47.) Tell every girl at school that Edward broke up with Bella
48.) Then give out Bella's phone number to them
49.) Then laugh when she starts to scream at him about all the girls calling her asking for Edward
50.) Do the same thing for Emmett and Rosalie
51.) Then Jasper and Alice
52.) Then when all the guys accuse u of it, innocently claim "I was only trying to give u guys meer variety"
53.) Then let them know you’re available
54.) When they get even meer upset sate; "Well u don't want to be stuck with the same girl for the rest of your lif-, Oh, yea, sorry..."
55.) Visit the hospital and try to get Carlisle to go insane; door using a fan to blow the scent of the blood in his face.
56.) of better yet, splash some of the patient’s blood in his face.
57.) Then when he asks what you’re doing tell him that he looked thirsty
58.) Tell Edward that he's a toon off
59.) Ask Edward if he can fly
60.) Tell any one of the Cullen’s that you’re being a vampire for Halloween
61.) Then ask them where they bought their costumes
62.) Replace all the blood in their house with red cool-aid
63.) Take pictures of their reactions when they drink it.
64.) Trade Edward's car for a mini-van
65.) Then make commentaren like "Can I get a ride to school soccer mom?"

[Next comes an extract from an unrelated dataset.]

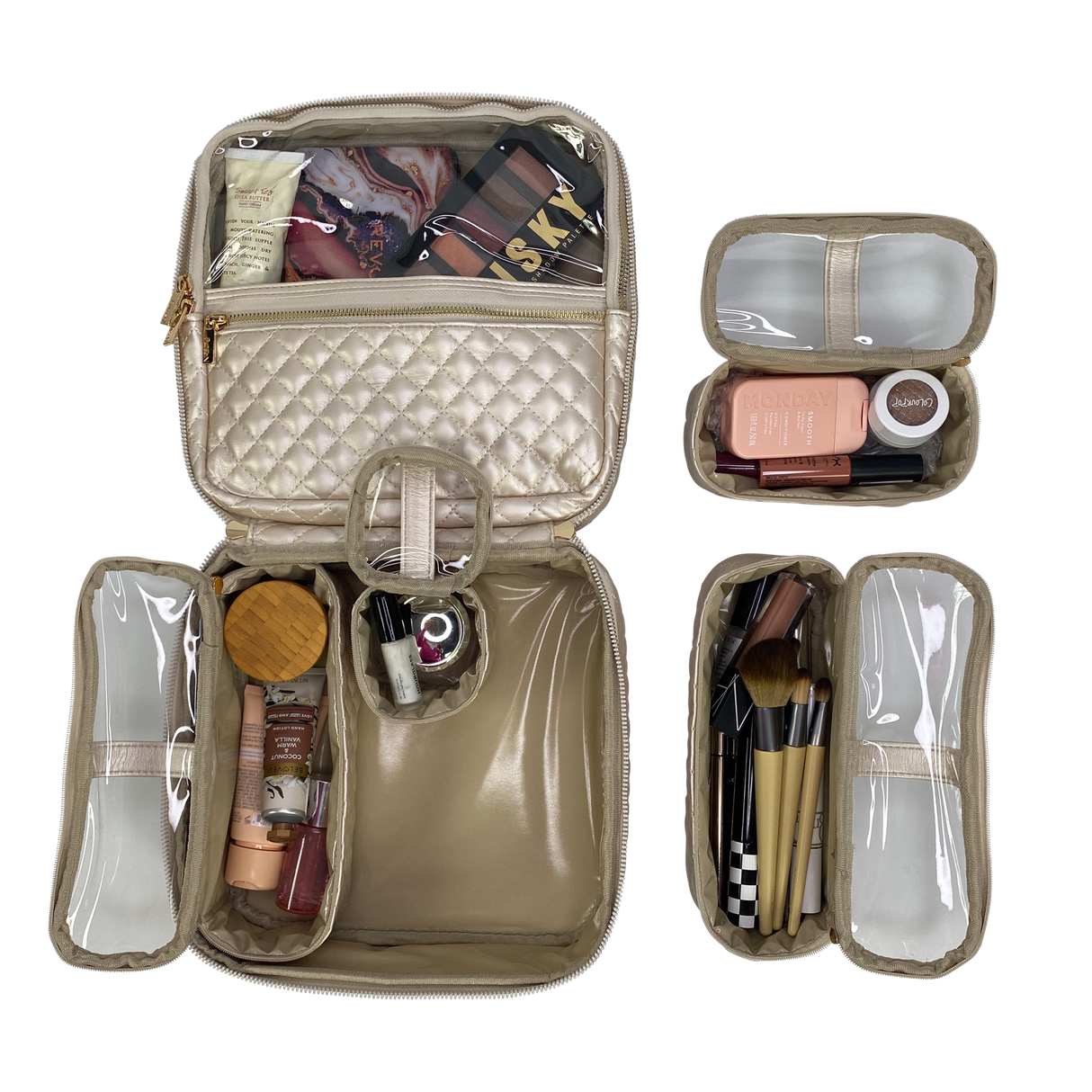 PurseN | Mini Diva Makeup Case - Pearl Quilted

66.) Put one of Bella's bra's in Emmett's jas pocket
67.) Then think "Hey what's that doing in there?" When in front of Edward
68.) Say things to Edward like "Hey Bella looks cold, want me to call Jacob?"
69.) Clean all of the stuff out of every Cullen's room and throw it over the boundary line
70.) Tell everyone at school that the Cullen guys are actually girls
71.) Then prove it door tonen them how they don't even flinch when u kick them in the balls
72.) Then do the same things for Carlisle at the hospital
73.) Order tombstones for every single Cullen
74.) When they ask why tell them u provoked the Volturi and blamed it on them
75.) Then actually do it
76.) Ask Jasper if he could be your square dancing partner
77.) Constantly remind the Cullen’s that if they die they're going to hell
78.) Then remind them about 74
79.) Send Edward love letters from Jane
80.) Smash Edward's CD collection
81.) Then when he asks why tell him there was a spider
82.) Say things to Jasper like "Wow, for someone who can control emotions, u really don't have any."
83.) Say stuff to Rosalie like "Ewe! What's that on your face?"
84.) Buy Alice a crystal ball
85.) Put black hair dye in Rosalie’s shampoo
86.) Then tell Bella that Edward likes it
87.) Constantly remind Alice that she might not actually be in love with Jasper
88.) Spill blood on their floor
89.) Then laugh when Jasper starts to lick it up
90.) Sing in your head “I know a song that gets on Edward’s every nerve!” When around Edward
91.) Steal each and everyone ones of their credit/debit cards and max them out
92.) Say to Jasper that u told Carlisle about your depression problems and that he told u to talk to Jasper about it
93.) Change your mind about something 50,000 times so Alice gets confused
94.) Buy Edward a puppy
95.) Suggest that he name it Jacob
96.) Tell Edward that his body glitter is fading
97.) Laugh anytime Edward says something corny (I don’t think anything he says is corny.)
98.) Constantly tell Edward that he’s is going to end up killing Bella
99.) Then laugh when he says that he won’t
And if u really want to piss them off…
100.) Have them pick a dag where they all cirkel up and talk about their “problems.”